J’aperçois la terrasse du resto où je pourrai me poser, mais je vais d’abord prendre possession de mon… tipi ! En effet, ce soir, c’est escale au village nordique composé de yourtes, de tipis et autres habitats dans le genre. Atypique s’il en est !
Après la douche rapide au moyen d’une grande cruche d’eau chaude, je tente la bière en terrasse. Mais c’est trop tard, le resto est déjà fermé. Snif.
Je me balade donc jusqu’au repas : salade, melon et jambon, lasagnes et tourte aux pommes individuelles, le tout dans une cabane de trappeur et en compagnie d’un autre randonneur solitaire et d’un groupe de 4 cousin(e)s (???) qui fait un petit bout chaque année.
Avant de m’endormir, je lance une flambée dans le poêle à bois. Pas pour le chauffage, mais juste pour la lueur rouge des flammes qui donne une ambiance féerique à tout le tipi. Le top.
L’hébergement : Village Nordique Angaka
Un hébergement atypique, seul en son genre sur tout le parcours, mais qui mérite le détour (et qui d’après sa gérante fonctionne encore plus l’hiver que l’été).

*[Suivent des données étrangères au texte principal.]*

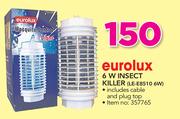 Eurolux 6W Insect Killer LE-E8510 6W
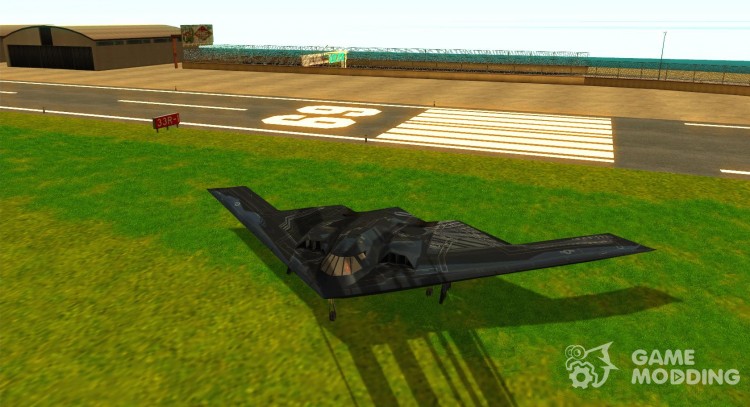 Espíritu B-2 Stealth para GTA San Andreas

Bien sûr, il faut accepter l’ambiance bivouac avec les toilettes sèches (mais il y a également des traditionnelles à 100 mètres au restaurant), la douche solaire au milieu des chevaux, et le repas fourni par le restaurant d’à côté, mais réchauffé au moment puisque le resto n’est ouvert que le midi.
Ceci étant, pour l’ambiance, et pour le petit feu de bois avant le dodo, le tout pour un prix modique, ça vaut largement l’étape.
40 € : 25 € la nuit + 15 € de dîner fourni par le restaurant l’Abeille Gourmande qui est fermé le soir (vu sur le topo-guide).